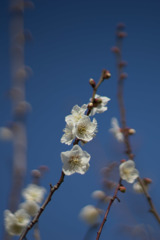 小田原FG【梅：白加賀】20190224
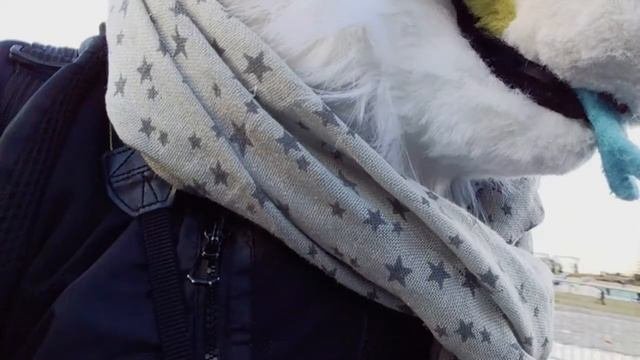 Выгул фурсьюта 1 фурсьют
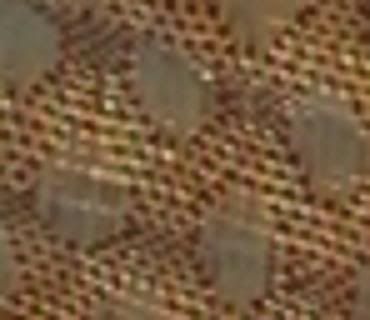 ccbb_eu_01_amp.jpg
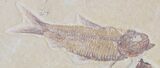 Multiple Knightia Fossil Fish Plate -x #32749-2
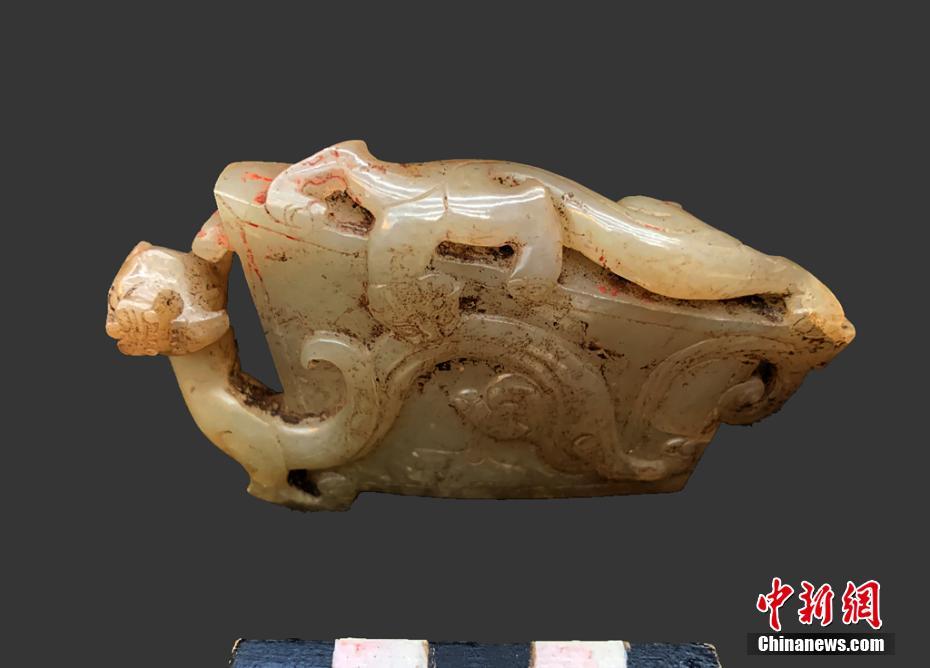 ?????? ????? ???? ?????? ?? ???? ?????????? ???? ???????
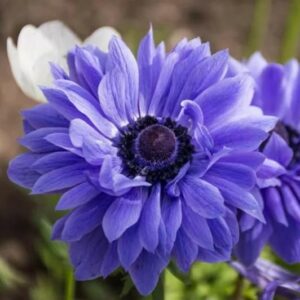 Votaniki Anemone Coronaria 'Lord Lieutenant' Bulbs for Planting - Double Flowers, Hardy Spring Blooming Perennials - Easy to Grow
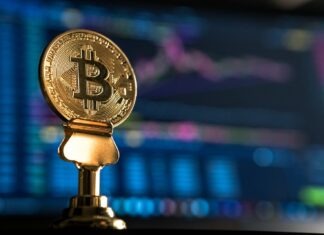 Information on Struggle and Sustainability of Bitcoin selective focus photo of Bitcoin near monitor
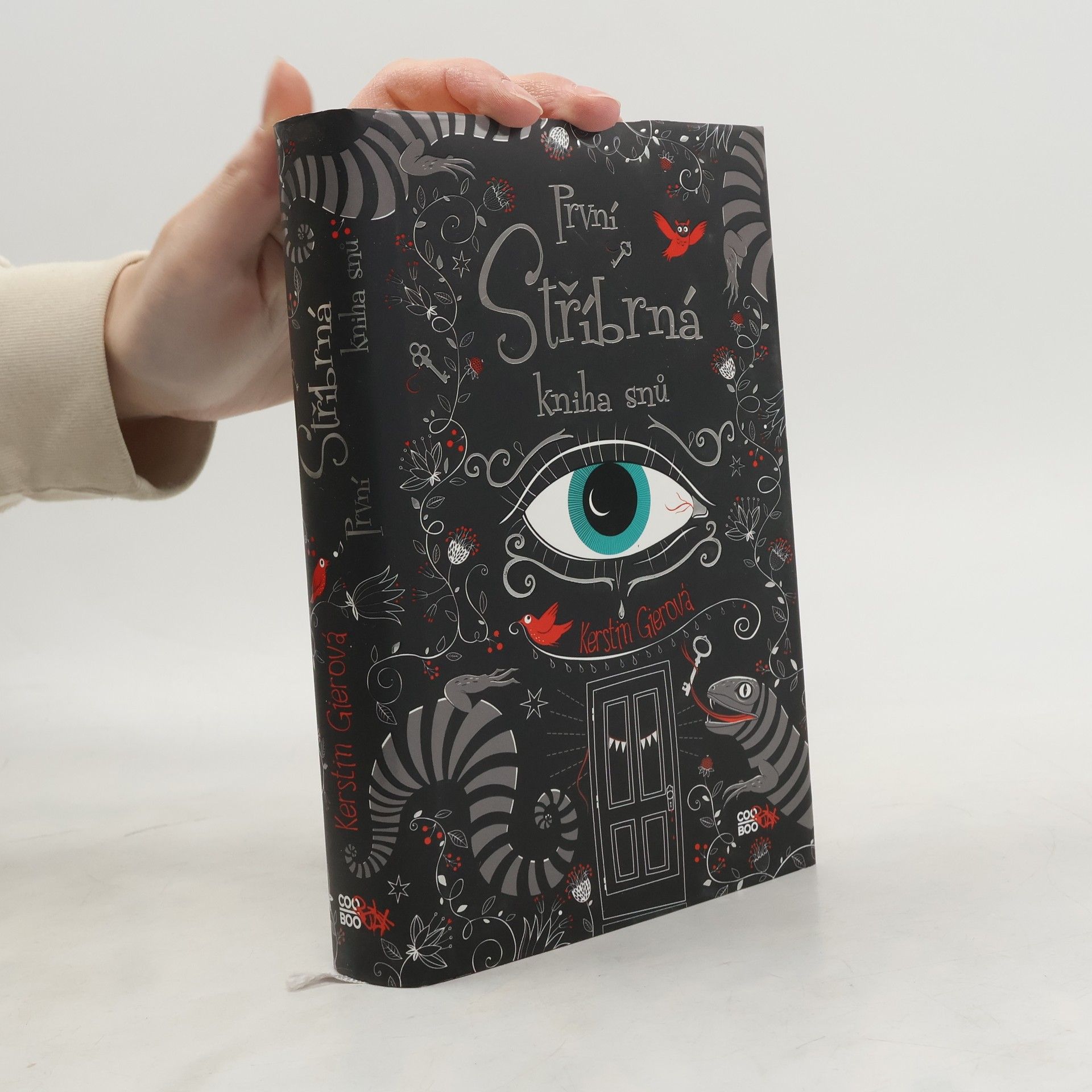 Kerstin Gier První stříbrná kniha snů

^^^^^^^^^^^^^^^^

Word for word, output the whole listing, but not its pictures.

 小田原FG【梅：白加賀】20190224
 Выгул фурсьюта 1 фурсьют
 ccbb_eu_01_amp.jpg
 Multiple Knightia Fossil Fish Plate -x #32749-2
 ?????? ????? ???? ?????? ?? ???? ?????????? ???? ???????
 Votaniki Anemone Coronaria 'Lord Lieutenant' Bulbs for Planting - Double Flowers, Hardy Spring Blooming Perennials - Easy to Grow
 Information on Struggle and Sustainability of Bitcoin selective focus photo of Bitcoin near monitor
 Kerstin Gier První stříbrná kniha snů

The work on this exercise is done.